* **Exercise directions**
Without the pictures, write out every entry that follows exactly.

* **Dataset records**
□ □ □
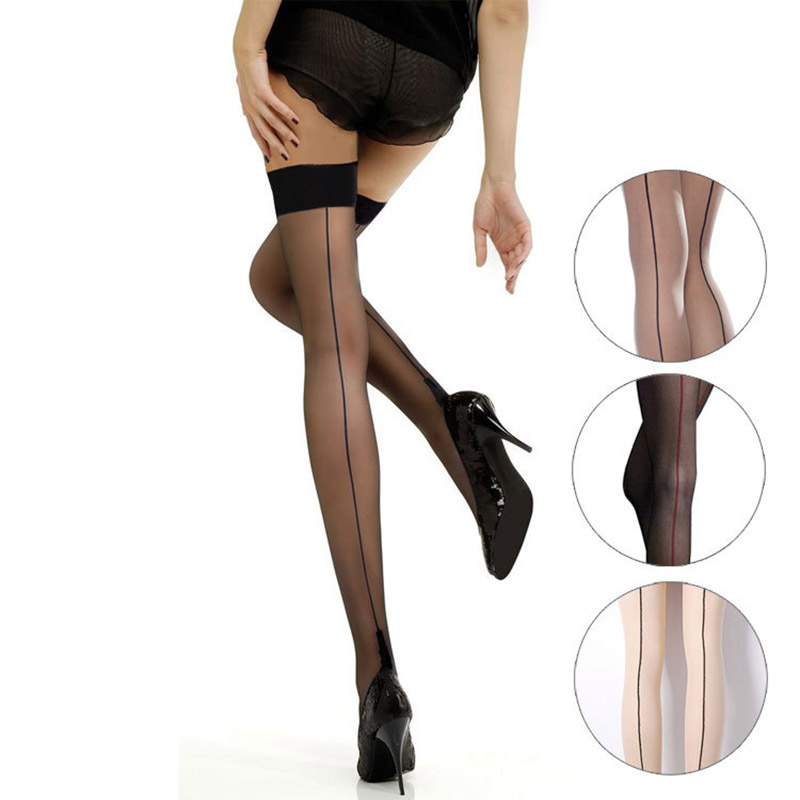 

Women Sexy Hot Sales New Fashion Droppshiping Summer Thigh High Stocking Over The knee Socks Sexy Hosiery Stay Up Stockings 88, Black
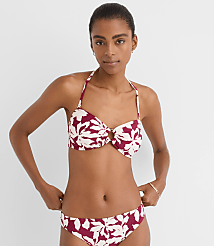 LOFT Beach Magnolia Tortoiseshell Print Ring Bandeau Bikini Top carousel Product Image 1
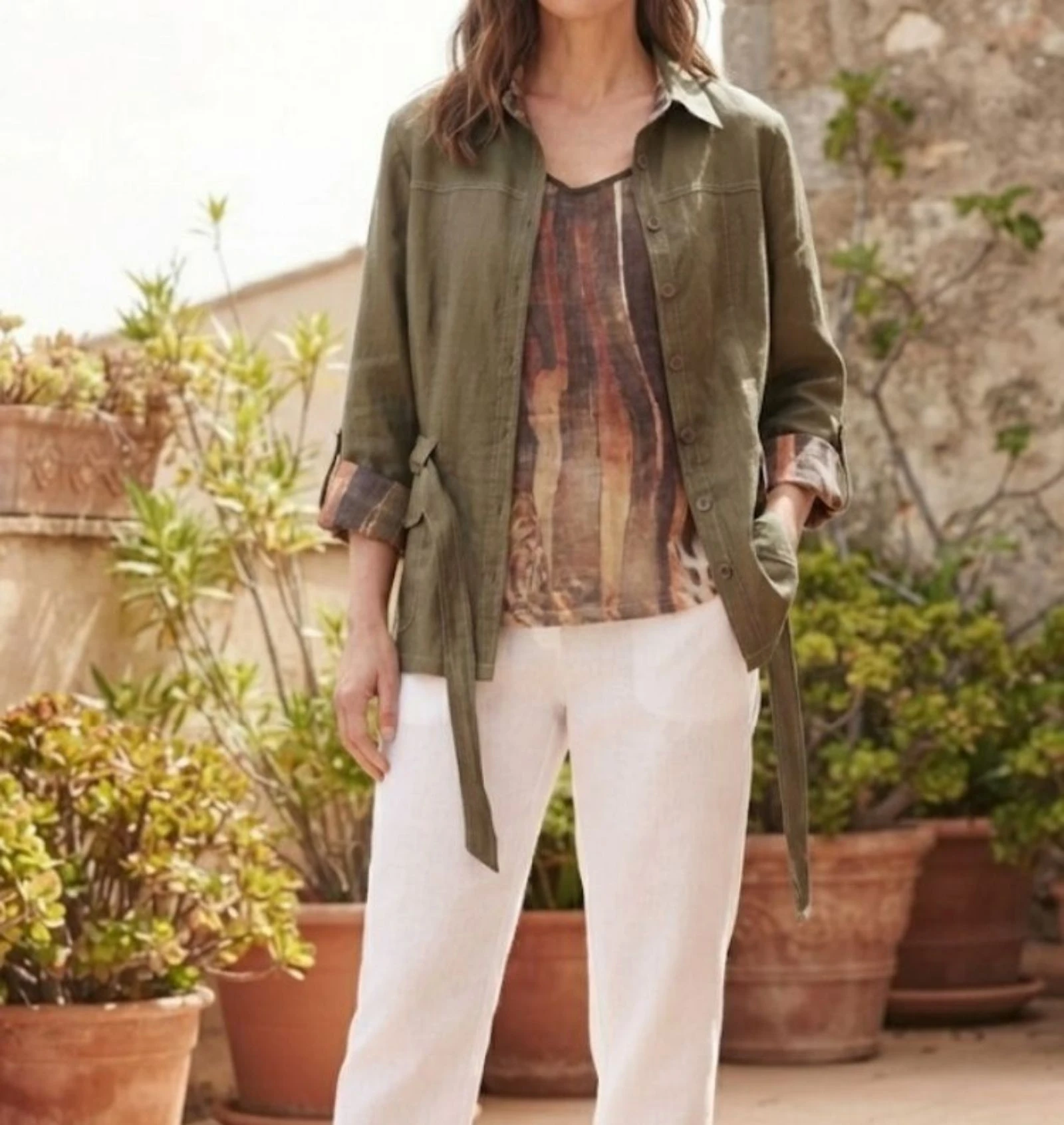 CHARELI 100% Lino Exclusivo T 40/42 Sin uso 
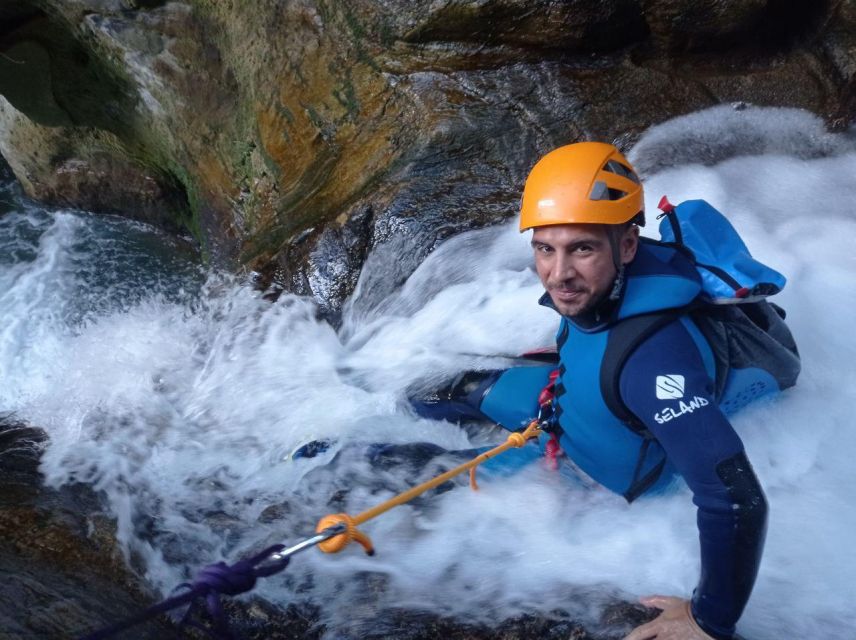 From Marbella: Private Canyoning Tour at Sima Del Diablo - Itinerary Information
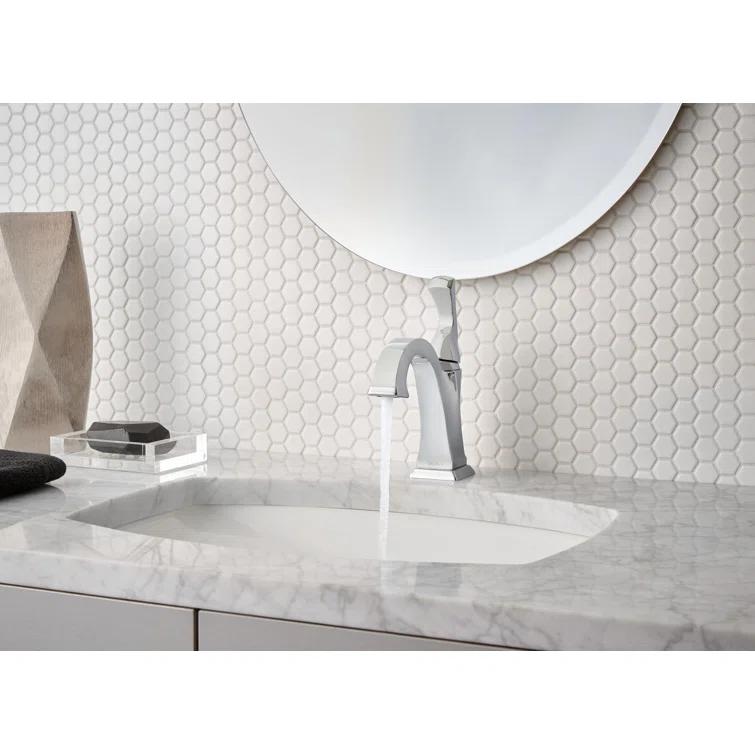 Dryden Single Hole Bathroom Faucet with Drain Assembly, Single Handle Bathroom Sink Faucet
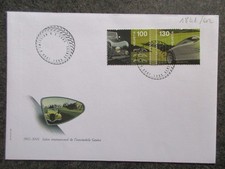 SUISSE timbre lettre FDC 1er jour SALON AUTOMOBILE en 2005 lot LK233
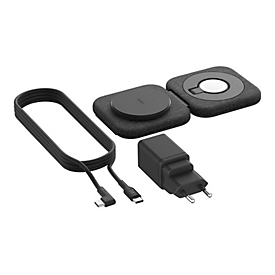 Belkin BoostCharge Pro 2-in-1 - Induktive Ladematte+ AC-Netzteil - 15 Watt - Fast Charge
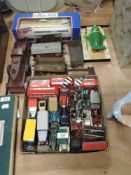 A box of 1980's and later diecasts including boxed Corgi, Days Gone etc, StenaLine HSS model,
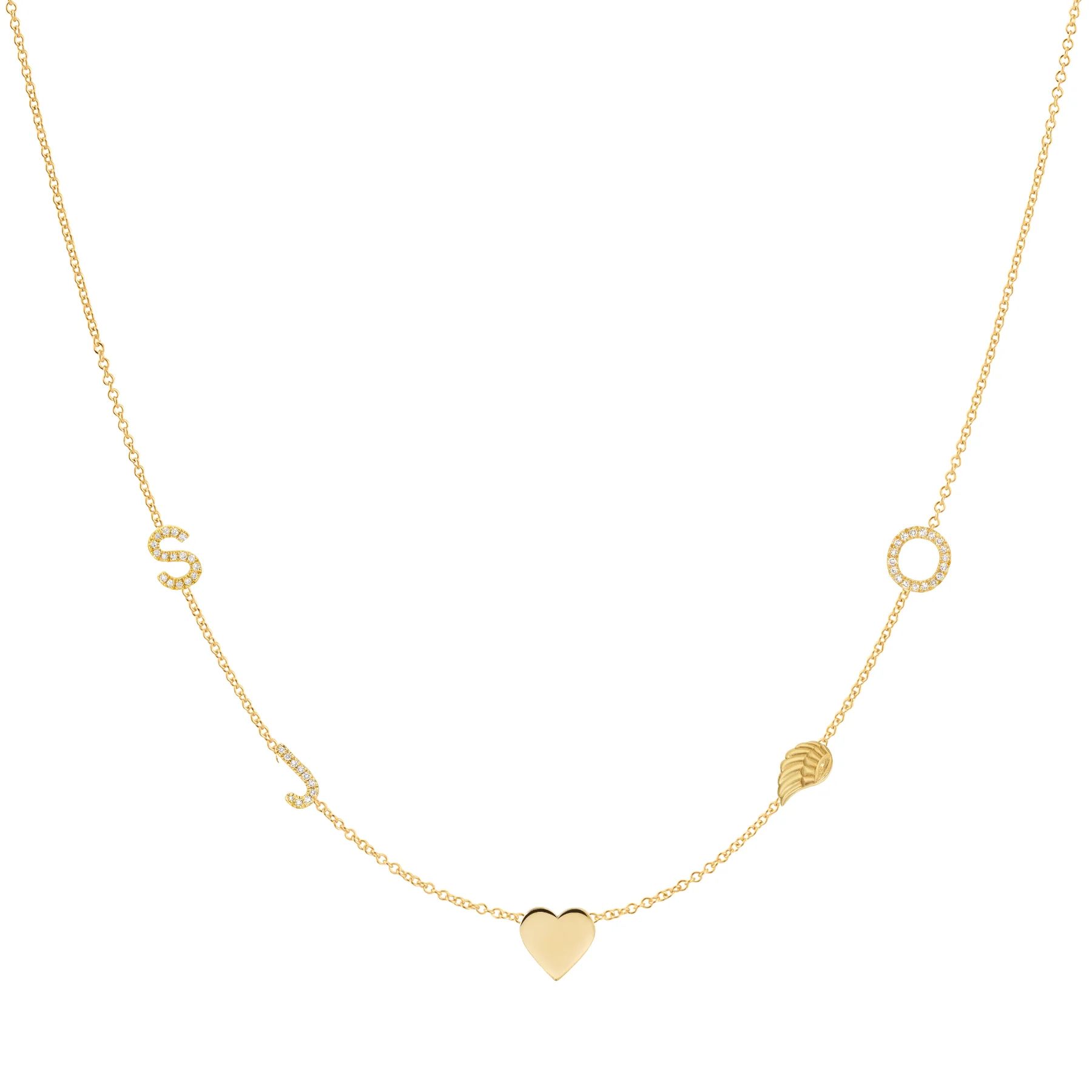Custom Gold Necklace - 5 Letter | Maya Brenner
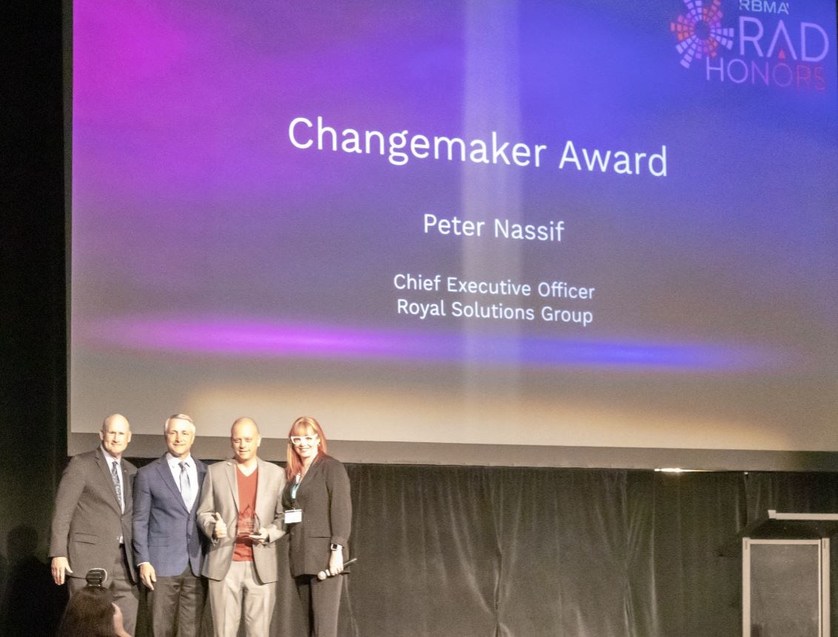 Royal is Excited to Announce That Its Founder and CEO, Peter Nassif is Elected as the Winner of the RAD Honors Changemaker Award 2022 - Vimarsana News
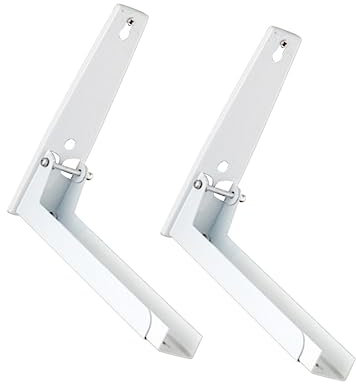 HOLIDYOYO Estante De Cocina Montado La Pared De Acero Inoxidable Soporte De Carga Para Horno Microondas Organizador Plegable Para Cocina Para Almacenar Utensilios La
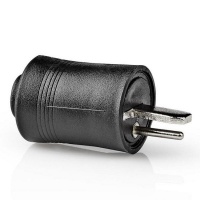 Luidspreker stekker met schroef zwart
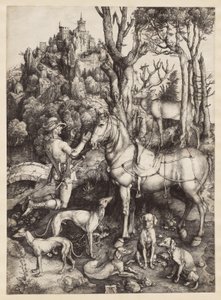 Saint Eustace by Albrecht Dürer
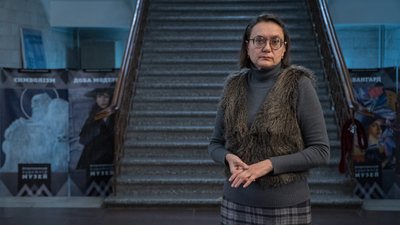 У Дніпровському художньому музеї провели урок для школярів У Дніпровському художньому музеї провели урок для школярів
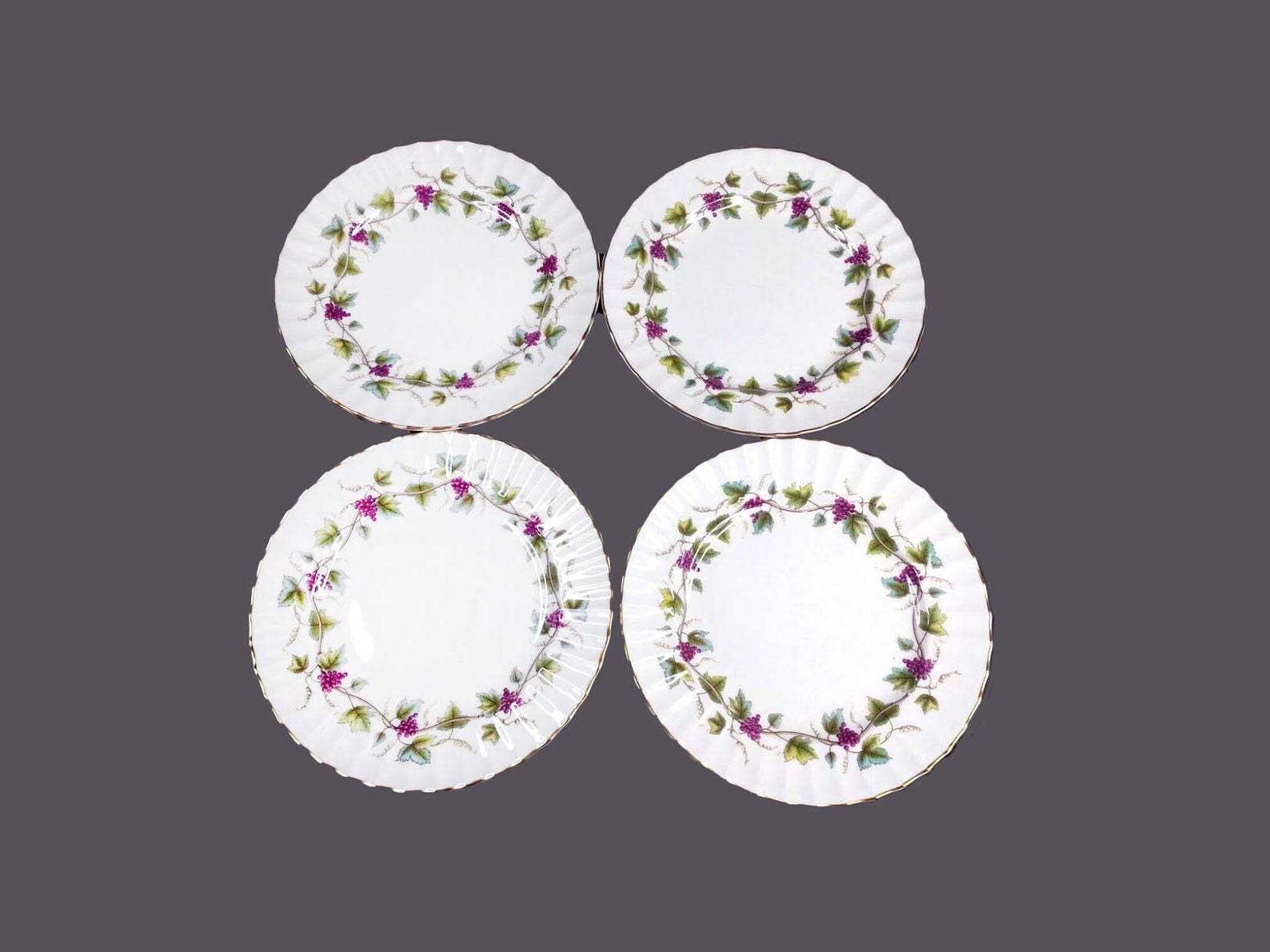 Royal Worcester Bacchanal White salad plates. Bone china made in England. - $45.38 - $59.92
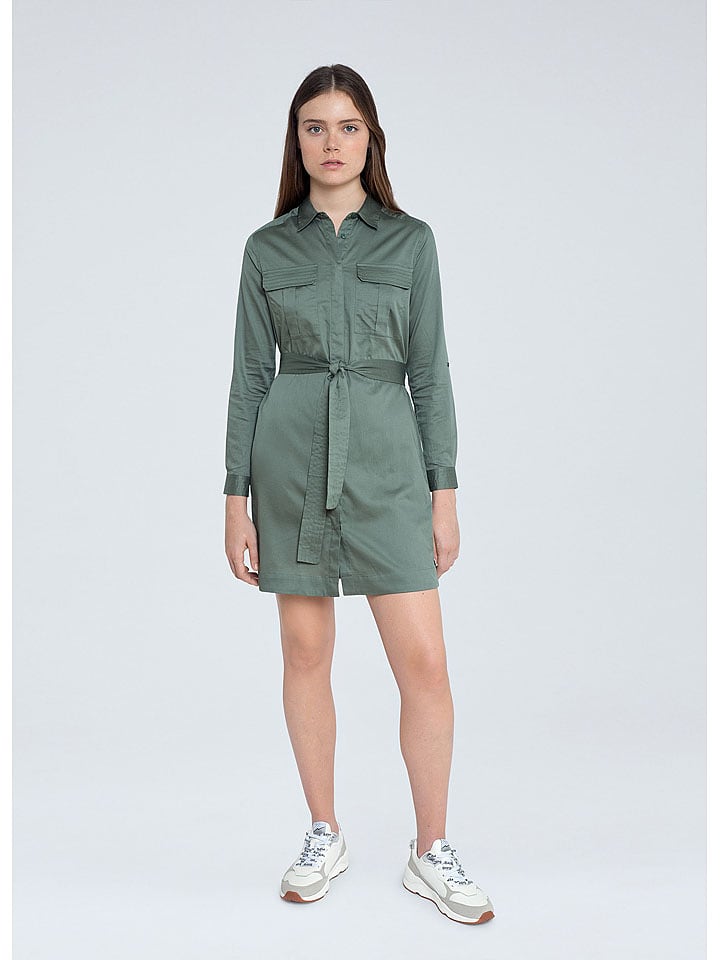 Pepe Jeans Sukienka "Carlotty" w kolorze zielonym rozmiar: L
□ □ □
* **Response area**
Women Sexy Hot Sales New Fashion Droppshiping Summer Thigh High Stocking Over The knee Socks Sexy Hosiery Stay Up Stockings 88, Black
 LOFT Beach Magnolia Tortoiseshell Print Ring Bandeau Bikini Top carousel Product Image 1
 CHARELI 100% Lino Exclusivo T 40/42 Sin uso 
 From Marbella: Private Canyoning Tour at Sima Del Diablo - Itinerary Information
 Dryden Single Hole Bathroom Faucet with Drain Assembly, Single Handle Bathroom Sink Faucet
 SUISSE timbre lettre FDC 1er jour SALON AUTOMOBILE en 2005 lot LK233
 Belkin BoostCharge Pro 2-in-1 - Induktive Ladematte+ AC-Netzteil - 15 Watt - Fast Charge
 A box of 1980's and later diecasts including boxed Corgi, Days Gone etc, StenaLine HSS model,
Custom Gold Necklace - 5 Letter | Maya Brenner
 Royal is Excited to Announce That Its Founder and CEO, Peter Nassif is Elected as the Winner of the RAD Honors Changemaker Award 2022 - Vimarsana News
 HOLIDYOYO Estante De Cocina Montado La Pared De Acero Inoxidable Soporte De Carga Para Horno Microondas Organizador Plegable Para Cocina Para Almacenar Utensilios La
 Luidspreker stekker met schroef zwart
 Saint Eustace by Albrecht Dürer
 У Дніпровському художньому музеї провели урок для школярів У Дніпровському художньому музеї провели урок для школярів
 Royal Worcester Bacchanal White salad plates. Bone china made in England. - $45.38 - $59.92
 Pepe Jeans Sukienka "Carlotty" w kolorze zielonym rozmiar: L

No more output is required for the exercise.